Purpose and Methods of Phenomenological Research

Phenomenology
Phenomenology

PHENOMENOLOGY

Phenomenology is concerned with the study of experience from the perspective of the individual, bracketing taken-for-granted assumptions and usual ways of perceiving. Epistemologically, phenomenological approaches are based on a paradigm of personal knowledge and subjectivity and emphasize the importance of personal perspective and interpretation. As such they are powerful for understanding subjective experience, gaining insights into people's motivations and actions, and cutting through the clutter of taken-for-granted assumptions and conventional wisdom. phenomenology rejects the empiricist perspective and utilizes a subjectivist approach via interpretive perspectives of theory. community defines self and the self defines community. Understanding of consciousness must acknowledge the objective as well as subjective, both are intrinsic parts of interpretation and contemplation. 

Purpose of Phenomenological Research: 

The purpose of the phenomenological approach is; to illuminate the specific, to identify phenomena through how they are perceived by the actors in a situation. 

In the human sphere, this normally translates into gathering deep information and perceptions through inductive, qualitative methods such as interviews, discussions, and participant observation, and representing it from the perspective of the research participant(s). 

According to Husserl; "Pure phenomenological research seeks essentially to describe rather than explain, and to start from a perspective free from hypotheses or preconceptions"

Methods of Phenomenology: 

Giorgi, more straightforwardly, argues that the phenomenological method encompasses three interlocking steps:

 (1) phenomenological reduction, 

 (2) description 

 (3) search for essences.

Transcendental Phenomenology: 

Edmund Husserl describes this concept of philosophy known as transcendental phenomenology. Edmund Husserl was born in Germany.
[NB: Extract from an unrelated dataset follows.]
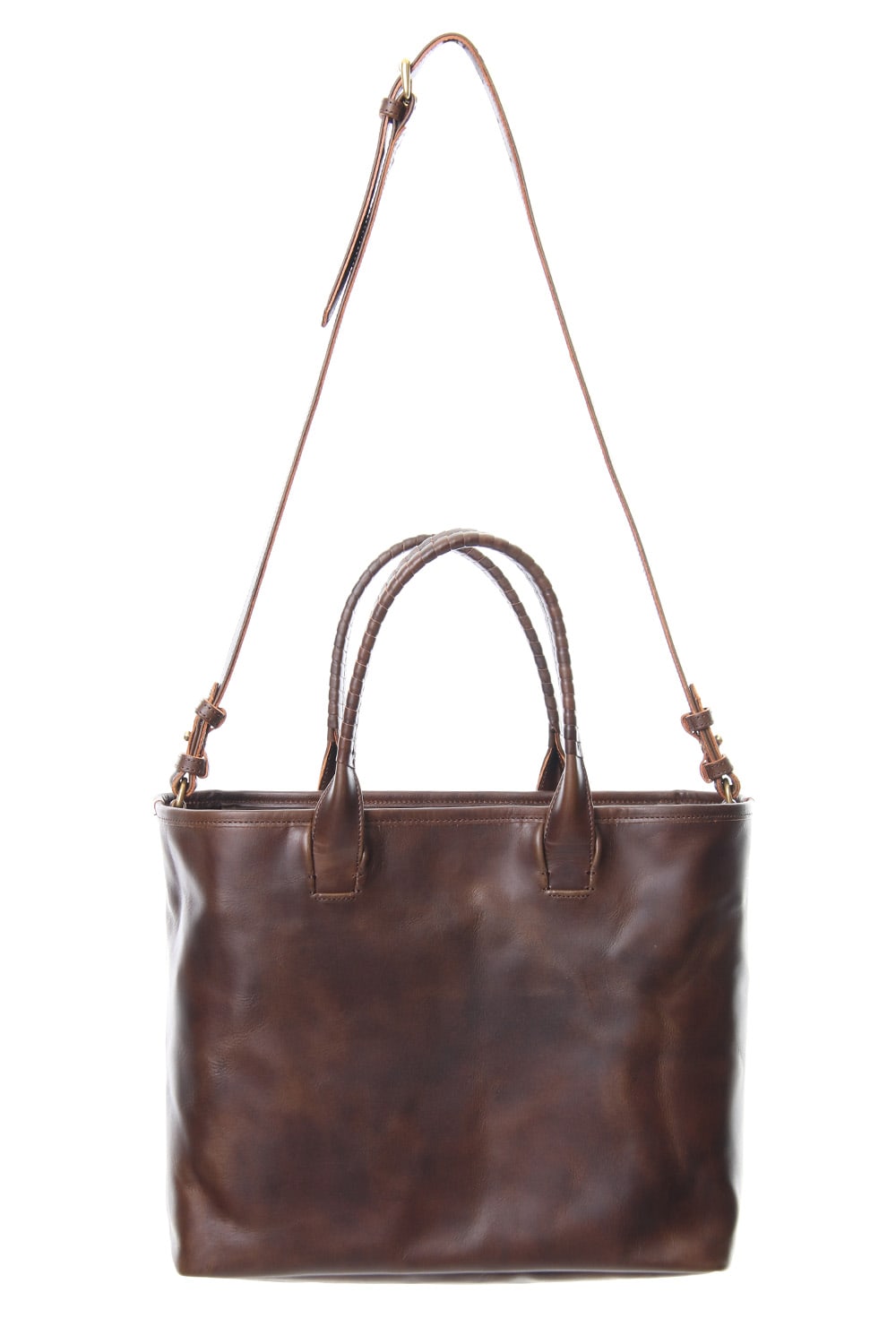 cut off tote - shave steer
Edmund Husserl argued that phenomenology necessitated consciousness experiences from personal perspectives and was practiced whenever we considered what we heard, saw, or felt. such considerations involve why we think something and why we undertake certain tasks. experience is attended as we answer in the first person and describe or give meaning to the components of the experience. 
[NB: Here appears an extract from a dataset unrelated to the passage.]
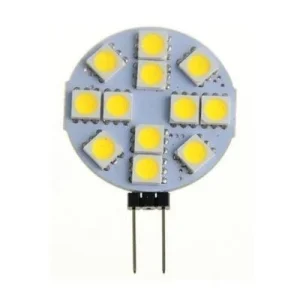 Lâmpada LED G4, 3W 30mm BQ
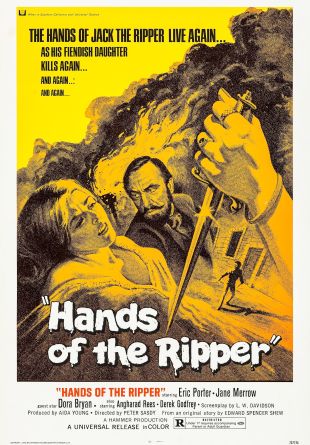 Hands of the Ripper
For Edmund Husserl, one of the central questions for philosophy is: what it is for us to know? - in other words, what it is for us to be conscious of anything? From a phenomenological perspective, this is a question we cannot help asking because man is essentially an explorer of a transcendental realm of meaning. Husserl as a mathematician shows a reaction to positivism and develops methods for the study of conscious experience in order to overcome objectivist's limitations in positivism. 

Husserl's transcendental phenomenology is derived from the concept of intentionality. 
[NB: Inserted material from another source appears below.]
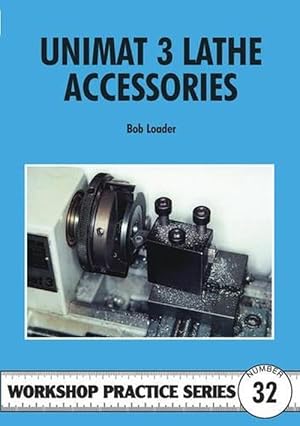 Seller image for Unimat III Lathe Accessories (Paperback) for sale by CitiRetail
McIntyre and Smith defined intentionality from a philosophical perspective: 

" A characteristic feature of our mental states and experiences, especially evident in what we commonly call being conscious or aware." 

Husserl gave importance to the intentionality of consciousness relating to other objects, including ordinary things and imaginary creations. He defined intentionality as; "The unique peculiarity of experiences to be the consciousness of something." 

His definition of intentionality seeks the relationship between subject and object through background, content, act, and horizon and investigates as subjects how we experience objects. He is of the view that human consciousness has the ability to transcend the matter of reality. it has the ability to transcend preconceived notions. He states; 

"Phenomenology entails the essence of consciousness in that all acts of consciousness are experienced by the subject. phenomenology involves first-person descriptors in terms of "I see the farm or I imagine visiting the moon". Such terms are known as phenomenological descriptions. Each description indicates the subject's point of view regarding a particular act of consciousness". 

Hermeneutical Phenomenology: 

Martin Heidegger was born in Germany. Martin Heidegger argues that meaning is linked directly with time. Being is historical or systematic, it is temporal. Heidegger like his tutor Husserl stays in the camp of Phenomenology however, he mainly differentiates his phenomenology from Husserl by rejecting transcendental reduction. he considered that interpretation was necessary while studying social beings. He describes; 

" Every inquiry is seeking. every seeking gets guided beforehand by what is sought..inquiry itself is the behavior of the questioner. the meaning of being is already within us". 

Hermeneutic is derived from the Greek word hermeneutic, which means to "interpret"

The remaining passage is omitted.